Before I entered the real estate business, I had no idea the difference between an agent, a broker, or REALTOR®, or if there even was a difference. (I especially didn't know that REALTOR® was supposed to be written in all caps with the registered trademark symbol after it!) I knew that people worked for real estate brokerage firms, but I didn't understand the relationship between the two.

Anybody thinking of a real estate career, however, as well as anyone ready to use an agent would benefit from understanding these relationships and terms. Luckily, I'm in the mood to clarify!

Technically speaking, "real estate agent" refers to anyone aiding in a real estate transaction: from consultants to salespeople to assistants.  A real estate broker, however, goes a step further.  Brokers are licensed to actually sell real property.  So a broker is an agent (a helper in the transaction), but an agent is not necessarily a broker.

In the state of Washington, a broker license requires 90 hours of coursework and a state-sponsored exam. Once the exam is passed, we'll answer to just about anything: broker, agent or licensee (because...ta da...we hold a license). 

NOTE: Many people at this point add the generic term: realtor.  This is inaccurate.  REALTOR® is actually a title or designation of one belonging to the National Association of REALTORS®.  Most brokers are REALTORS®, but not all of them.  (More on why that makes a difference in another post.)

 

For the sake of this article, I'm going to use agent, broker and licensee interchangeably (as most people do). 

A freshly minted licensee is affectionately termed a "baby broker" by those in the business. Since 90 hours of coursework is hardly adequate to teach everything there is to know about real estate, new brokers are required to join a brokerage firm. In fact, a licensee's license is not even released until it can be sent to a named brokerage.  

In each brokerage, there is at least one managing broker and a designated broker.
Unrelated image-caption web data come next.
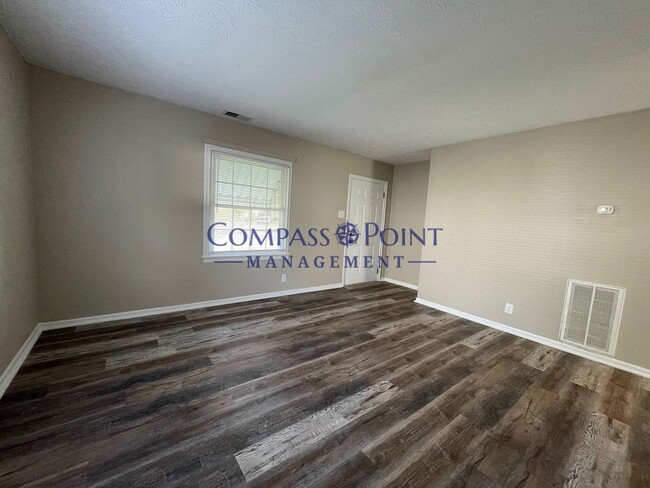 Building Photo - Your New Home Awaits!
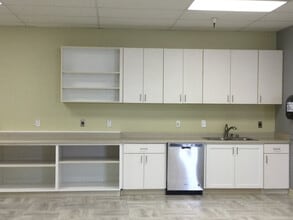 1060 Terra Bella Ave, Mountain View, CA for sale Interior Photo- Image 2 of 14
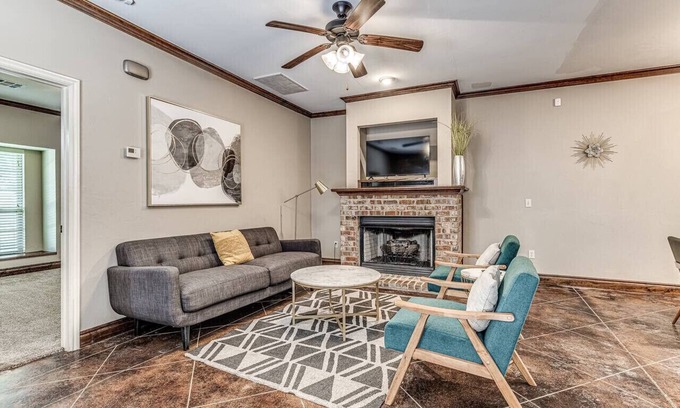 Central Oklahoma City House | Quiet 4 Bed Home With HOA Park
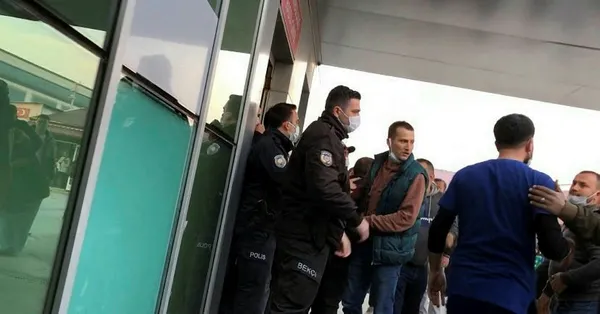1636908534202.jpg 18 ayrı suçtan aranıyordu! Jandarma tarafından vuruldu! Sakarya'da hastanede ortalık karıştı - 2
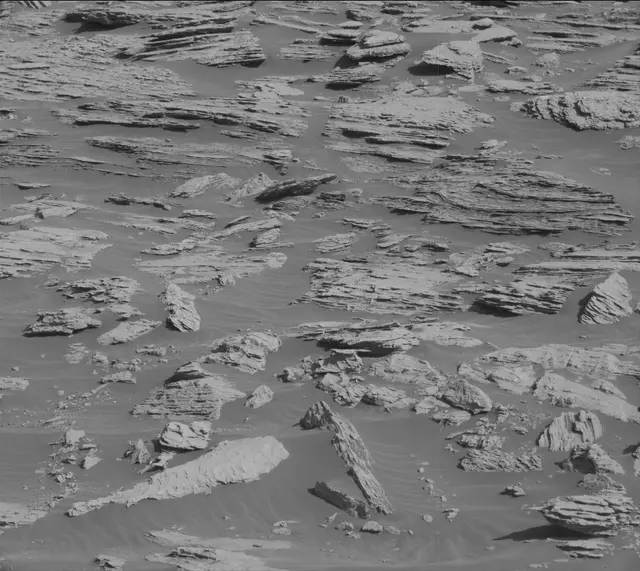 Sol 2572: Mast Camera (Mastcam)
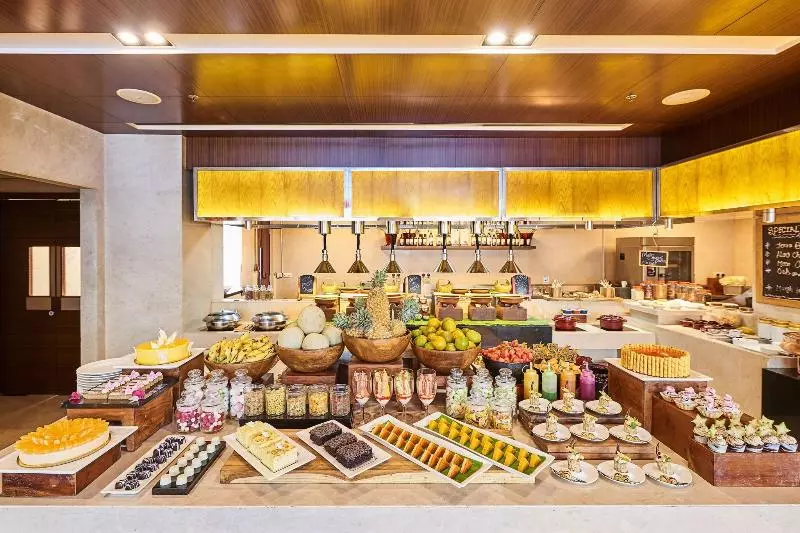 فندق Courtyard By Marriott Kochi Airport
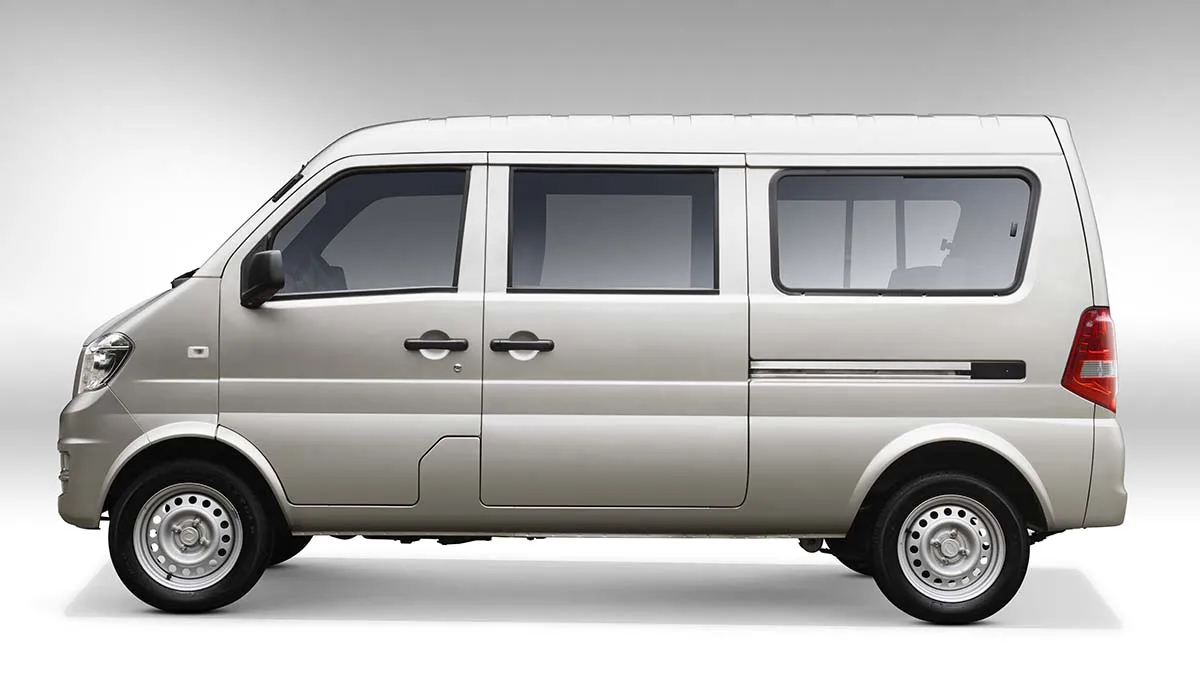 Dongfeng DFSK K07S Left Hand Drive Gasoline Mini Van Passenger Van 7 Seats 1.3 L High Power Version Basic Type in Stock
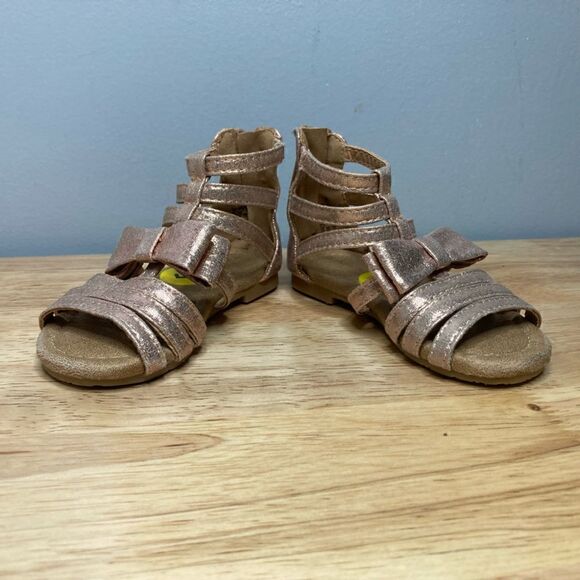 Tahari Baby ‘Skylar’ Gladiator Style Sandal, Metallic Rose Gold Toddler Size 5 - Picture 12 of 12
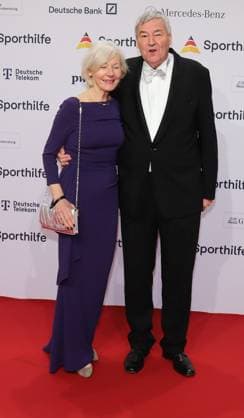 21 01 2023 Frankfurt am Main, Festhalle The 52 Ball of Sports of the German Sports Aid Dr Rolf Müller Ex State Sports Federation President with wife Marlies Mosiek Urbahn HP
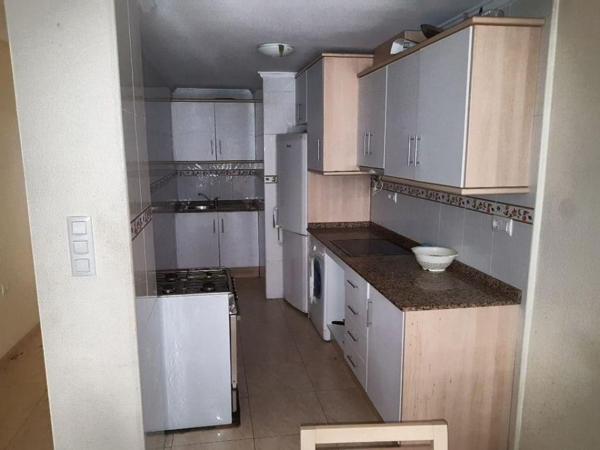 Venta de piso en Calle Miguel Pérez, San Miguel de Salinas
thumbnail 1
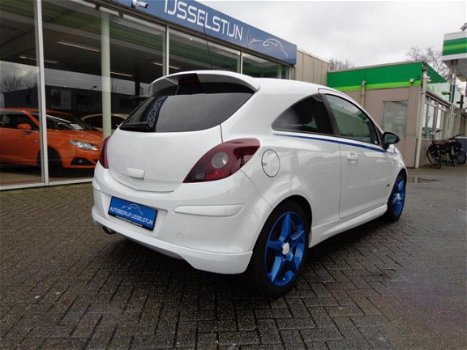 Opel Corsa - 1.4-16V Cosmo / Opc Performance Pakket / Airco / Elektr.Pakket - 1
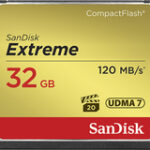 SanDisk - Extreme 32GB CF Memory Card - Black/Gold
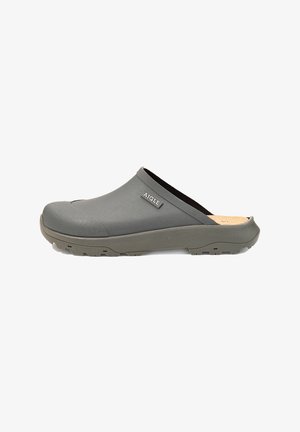 CORLAY M - Clogs - avocat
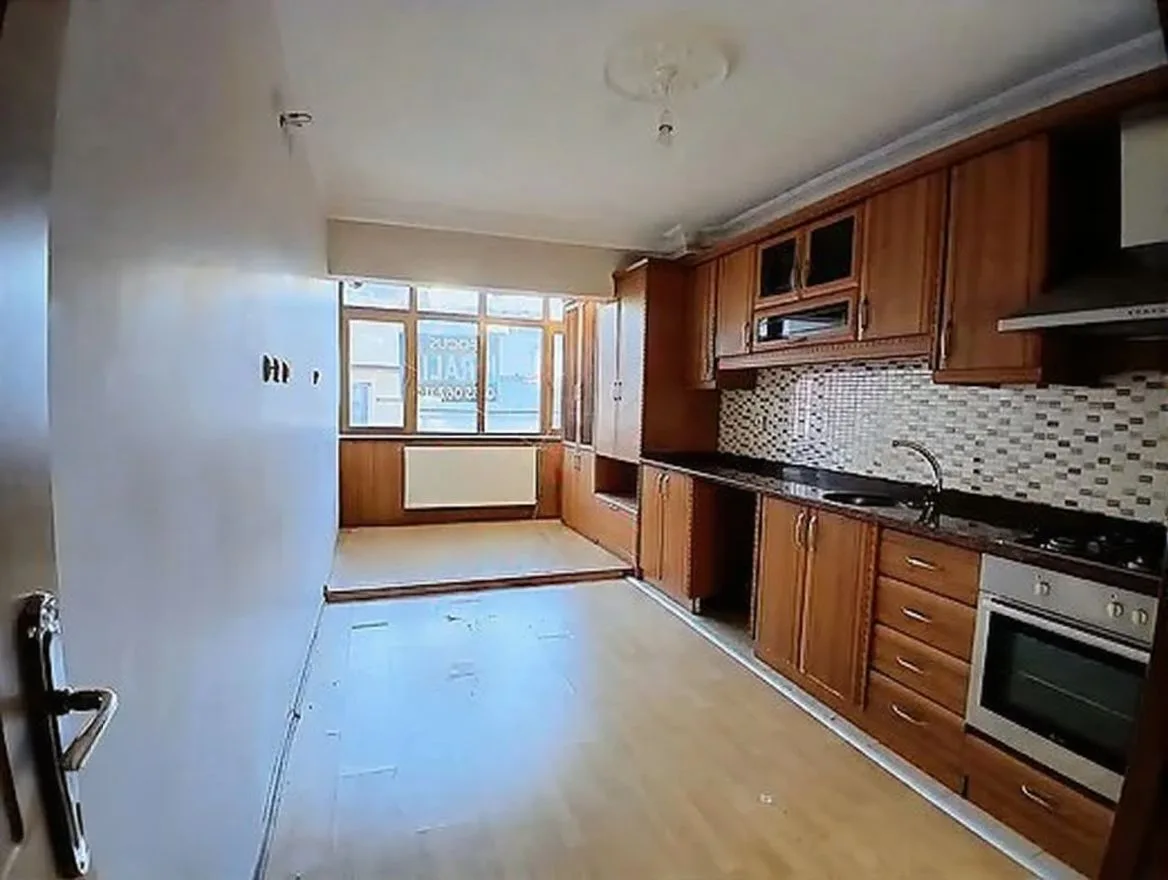 ERZURUM KİRALIK ASANSÖRLÜ 3+1 DAİRE 150M² YAKUTIYE - Fotoğraf 13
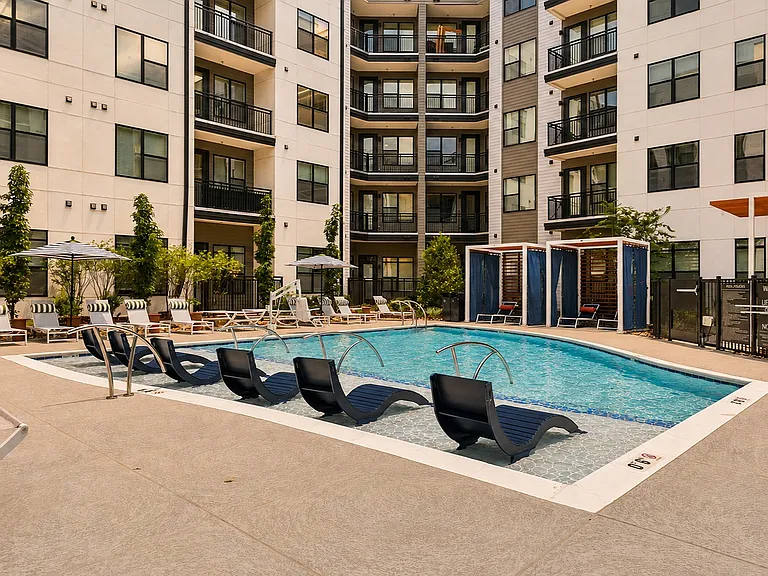 Cavella Apartments — Photo 20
The designated broker is generally the owner or at least has a controlling interest in the firm as assigned by a larger company. A managing broker, under the direction of the designated broker, oversees the "baby brokers" as well as seasoned agents. Designated and managing brokers bear the brunt of the liability and ensure that each transaction is completed according to the law. 

The brokers themselves, however, are independent contractors, meaning that they are essentially small business owners...of themselves*. What does this mean to the clients? It means that real estate brokers don't get paid unless they close a deal. And it also means that agents are not interchangeable. Broker etiquette asks that if you start with an agent, stay with that agent. It's a good idea to shop around to find a broker that you trust and who works well with you before starting a home search.

Understanding the terminology of the real estate players can help in navigating a real estate purchase. It might also come in handy for a game of Trivial Pursuit. And now that you know what to call us, you can call us to help buy your dream home!

                                                     

*Every brokerage firm runs a little differently, but generally speaking brokers are independent contractors.